Segment Start: EXERCISE INPUT
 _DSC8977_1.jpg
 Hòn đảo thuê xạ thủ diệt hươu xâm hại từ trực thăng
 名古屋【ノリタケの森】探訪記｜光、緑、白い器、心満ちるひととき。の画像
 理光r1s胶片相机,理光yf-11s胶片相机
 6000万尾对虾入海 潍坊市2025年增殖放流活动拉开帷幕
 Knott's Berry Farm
Segment End: EXERCISE INPUT
Segment Start: EXERCISE INPUT
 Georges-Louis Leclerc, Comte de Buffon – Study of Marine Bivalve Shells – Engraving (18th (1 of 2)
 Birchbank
Segment End: EXERCISE INPUT
Transcribe the lines above between the line holding "理光r1s胶片相机,理光yf-11s胶片相机" and the line holding "Knott's Berry Farm", inclusive, exactly as they stand and with nothing added.

## WRITTEN RESPONSE
 理光r1s胶片相机,理光yf-11s胶片相机
 6000万尾对虾入海 潍坊市2025年增殖放流活动拉开帷幕
 Knott's Berry Farm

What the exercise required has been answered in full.